Crawled caption data
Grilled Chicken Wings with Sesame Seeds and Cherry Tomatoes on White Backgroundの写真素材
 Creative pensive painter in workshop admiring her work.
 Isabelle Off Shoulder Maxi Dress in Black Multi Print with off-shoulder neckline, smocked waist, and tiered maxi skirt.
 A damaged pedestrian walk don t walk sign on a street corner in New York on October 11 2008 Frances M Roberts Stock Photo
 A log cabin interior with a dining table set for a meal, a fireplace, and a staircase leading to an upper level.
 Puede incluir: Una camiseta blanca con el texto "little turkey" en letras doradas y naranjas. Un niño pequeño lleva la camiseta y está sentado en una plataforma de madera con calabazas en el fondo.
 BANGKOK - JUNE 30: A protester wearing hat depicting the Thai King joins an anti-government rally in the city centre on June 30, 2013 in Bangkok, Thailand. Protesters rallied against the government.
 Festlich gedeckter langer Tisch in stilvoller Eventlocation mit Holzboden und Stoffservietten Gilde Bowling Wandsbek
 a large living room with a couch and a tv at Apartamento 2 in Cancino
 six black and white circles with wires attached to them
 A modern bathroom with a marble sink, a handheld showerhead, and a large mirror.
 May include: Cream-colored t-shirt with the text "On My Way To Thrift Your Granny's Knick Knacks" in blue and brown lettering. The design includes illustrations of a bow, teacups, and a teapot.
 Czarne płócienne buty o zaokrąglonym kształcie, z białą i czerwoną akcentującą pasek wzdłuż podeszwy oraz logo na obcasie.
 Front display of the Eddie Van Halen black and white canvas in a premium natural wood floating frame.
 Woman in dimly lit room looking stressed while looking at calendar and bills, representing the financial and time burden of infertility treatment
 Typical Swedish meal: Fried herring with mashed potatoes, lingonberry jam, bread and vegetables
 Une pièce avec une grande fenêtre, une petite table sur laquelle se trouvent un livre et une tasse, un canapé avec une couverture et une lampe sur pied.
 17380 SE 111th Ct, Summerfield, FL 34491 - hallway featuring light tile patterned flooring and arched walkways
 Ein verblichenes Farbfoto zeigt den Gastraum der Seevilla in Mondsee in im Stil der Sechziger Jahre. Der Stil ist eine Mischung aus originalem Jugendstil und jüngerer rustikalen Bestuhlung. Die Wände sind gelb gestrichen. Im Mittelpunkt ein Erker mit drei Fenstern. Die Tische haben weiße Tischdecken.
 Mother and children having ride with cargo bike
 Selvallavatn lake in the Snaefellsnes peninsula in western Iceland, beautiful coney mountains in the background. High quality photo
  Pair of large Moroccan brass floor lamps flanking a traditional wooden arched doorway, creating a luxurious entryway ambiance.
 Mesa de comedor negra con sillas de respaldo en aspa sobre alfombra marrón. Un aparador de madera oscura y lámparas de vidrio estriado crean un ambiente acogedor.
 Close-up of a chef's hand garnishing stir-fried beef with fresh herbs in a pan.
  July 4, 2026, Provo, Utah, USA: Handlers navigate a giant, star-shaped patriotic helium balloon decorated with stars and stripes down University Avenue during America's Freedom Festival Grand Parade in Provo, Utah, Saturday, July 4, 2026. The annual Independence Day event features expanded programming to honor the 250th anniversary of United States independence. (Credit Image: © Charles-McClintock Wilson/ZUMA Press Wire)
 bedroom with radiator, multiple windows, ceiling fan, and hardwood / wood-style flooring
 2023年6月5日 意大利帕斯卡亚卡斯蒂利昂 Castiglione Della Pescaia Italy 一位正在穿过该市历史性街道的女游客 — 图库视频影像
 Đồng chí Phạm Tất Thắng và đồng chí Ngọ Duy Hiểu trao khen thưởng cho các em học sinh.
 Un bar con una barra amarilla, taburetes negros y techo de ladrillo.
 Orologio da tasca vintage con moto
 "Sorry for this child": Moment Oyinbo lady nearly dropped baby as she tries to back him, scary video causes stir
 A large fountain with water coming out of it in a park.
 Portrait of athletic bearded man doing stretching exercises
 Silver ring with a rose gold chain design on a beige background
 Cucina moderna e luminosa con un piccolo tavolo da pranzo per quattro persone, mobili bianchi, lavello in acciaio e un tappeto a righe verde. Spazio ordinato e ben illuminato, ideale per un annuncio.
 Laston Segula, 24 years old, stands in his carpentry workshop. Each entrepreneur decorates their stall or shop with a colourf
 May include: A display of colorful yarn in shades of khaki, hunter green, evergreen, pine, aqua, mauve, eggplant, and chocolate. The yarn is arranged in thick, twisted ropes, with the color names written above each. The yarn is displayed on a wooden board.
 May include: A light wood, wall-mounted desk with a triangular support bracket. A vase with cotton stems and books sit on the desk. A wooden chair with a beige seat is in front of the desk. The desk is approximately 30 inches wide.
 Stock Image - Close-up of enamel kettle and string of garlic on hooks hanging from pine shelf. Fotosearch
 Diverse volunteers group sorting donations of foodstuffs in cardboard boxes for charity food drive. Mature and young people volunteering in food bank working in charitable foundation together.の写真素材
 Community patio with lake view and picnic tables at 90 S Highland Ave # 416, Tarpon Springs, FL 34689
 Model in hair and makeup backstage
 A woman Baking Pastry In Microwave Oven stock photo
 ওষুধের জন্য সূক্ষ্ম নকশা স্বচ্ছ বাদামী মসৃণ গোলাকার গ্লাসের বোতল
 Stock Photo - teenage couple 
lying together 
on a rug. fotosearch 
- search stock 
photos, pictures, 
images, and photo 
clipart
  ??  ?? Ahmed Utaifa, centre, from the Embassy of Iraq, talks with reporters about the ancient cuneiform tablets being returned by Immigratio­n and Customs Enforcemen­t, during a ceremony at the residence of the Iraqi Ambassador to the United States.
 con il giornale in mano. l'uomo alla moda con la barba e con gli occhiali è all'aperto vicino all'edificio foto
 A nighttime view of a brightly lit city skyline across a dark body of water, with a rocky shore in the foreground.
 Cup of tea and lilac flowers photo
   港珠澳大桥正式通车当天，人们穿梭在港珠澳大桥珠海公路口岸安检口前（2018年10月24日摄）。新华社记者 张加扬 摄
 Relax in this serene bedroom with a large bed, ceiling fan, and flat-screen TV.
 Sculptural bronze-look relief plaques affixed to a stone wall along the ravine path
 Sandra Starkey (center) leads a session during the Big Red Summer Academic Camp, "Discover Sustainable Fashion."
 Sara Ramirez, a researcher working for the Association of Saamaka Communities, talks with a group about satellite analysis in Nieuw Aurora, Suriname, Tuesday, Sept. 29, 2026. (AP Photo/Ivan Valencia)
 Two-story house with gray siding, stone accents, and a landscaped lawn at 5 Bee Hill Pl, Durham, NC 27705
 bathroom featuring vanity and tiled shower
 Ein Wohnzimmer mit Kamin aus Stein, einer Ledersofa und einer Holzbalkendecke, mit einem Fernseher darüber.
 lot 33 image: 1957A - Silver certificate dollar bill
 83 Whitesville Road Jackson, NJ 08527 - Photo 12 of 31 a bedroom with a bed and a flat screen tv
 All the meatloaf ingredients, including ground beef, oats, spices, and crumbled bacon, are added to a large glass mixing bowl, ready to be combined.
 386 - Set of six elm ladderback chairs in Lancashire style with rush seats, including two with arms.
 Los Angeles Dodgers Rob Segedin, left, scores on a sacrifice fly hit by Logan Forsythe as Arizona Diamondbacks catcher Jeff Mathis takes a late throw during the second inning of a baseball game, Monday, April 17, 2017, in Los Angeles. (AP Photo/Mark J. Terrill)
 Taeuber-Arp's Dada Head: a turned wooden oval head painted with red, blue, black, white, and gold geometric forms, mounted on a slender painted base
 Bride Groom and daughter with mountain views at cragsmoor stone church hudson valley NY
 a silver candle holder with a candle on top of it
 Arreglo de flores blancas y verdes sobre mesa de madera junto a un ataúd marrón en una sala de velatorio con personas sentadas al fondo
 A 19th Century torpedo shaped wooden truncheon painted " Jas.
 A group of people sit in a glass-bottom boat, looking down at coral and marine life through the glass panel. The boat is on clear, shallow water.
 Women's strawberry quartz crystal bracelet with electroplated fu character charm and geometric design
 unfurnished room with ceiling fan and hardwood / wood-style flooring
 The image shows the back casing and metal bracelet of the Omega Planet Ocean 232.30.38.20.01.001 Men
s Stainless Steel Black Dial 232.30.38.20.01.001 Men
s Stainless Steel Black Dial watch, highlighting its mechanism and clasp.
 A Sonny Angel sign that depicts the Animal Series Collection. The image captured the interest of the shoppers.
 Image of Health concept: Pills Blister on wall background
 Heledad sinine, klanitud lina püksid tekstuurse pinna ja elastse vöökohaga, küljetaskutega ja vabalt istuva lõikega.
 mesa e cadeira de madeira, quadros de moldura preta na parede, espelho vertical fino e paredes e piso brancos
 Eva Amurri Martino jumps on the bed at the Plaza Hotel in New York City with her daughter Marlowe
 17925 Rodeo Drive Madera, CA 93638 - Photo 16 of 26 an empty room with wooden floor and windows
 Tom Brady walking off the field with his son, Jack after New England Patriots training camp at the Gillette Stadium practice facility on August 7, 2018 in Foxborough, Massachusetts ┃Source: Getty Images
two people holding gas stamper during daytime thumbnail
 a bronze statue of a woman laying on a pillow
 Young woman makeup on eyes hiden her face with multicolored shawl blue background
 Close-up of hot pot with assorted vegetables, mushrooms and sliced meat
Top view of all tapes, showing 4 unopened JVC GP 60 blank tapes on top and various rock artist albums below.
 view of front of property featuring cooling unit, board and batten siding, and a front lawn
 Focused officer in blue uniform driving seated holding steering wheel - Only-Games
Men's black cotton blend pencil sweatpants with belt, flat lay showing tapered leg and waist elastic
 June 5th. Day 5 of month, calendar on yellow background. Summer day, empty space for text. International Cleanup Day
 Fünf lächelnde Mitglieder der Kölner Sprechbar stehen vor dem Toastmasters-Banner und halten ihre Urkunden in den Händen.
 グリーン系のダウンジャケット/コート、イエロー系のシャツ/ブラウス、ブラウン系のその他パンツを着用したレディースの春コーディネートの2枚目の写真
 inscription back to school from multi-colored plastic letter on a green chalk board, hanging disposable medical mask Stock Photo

▸ **EXERCISE**: Your answer should consist of the lines from the line with "Top view of" to the line with "June 5th. Day" above, repeated exactly, both ends included.

▸ **ANSWER AREA**:
Top view of all tapes, showing 4 unopened JVC GP 60 blank tapes on top and various rock artist albums below.
 view of front of property featuring cooling unit, board and batten siding, and a front lawn
 Focused officer in blue uniform driving seated holding steering wheel - Only-Games
Men's black cotton blend pencil sweatpants with belt, flat lay showing tapered leg and waist elastic
 June 5th. Day 5 of month, calendar on yellow background. Summer day, empty space for text. International Cleanup Day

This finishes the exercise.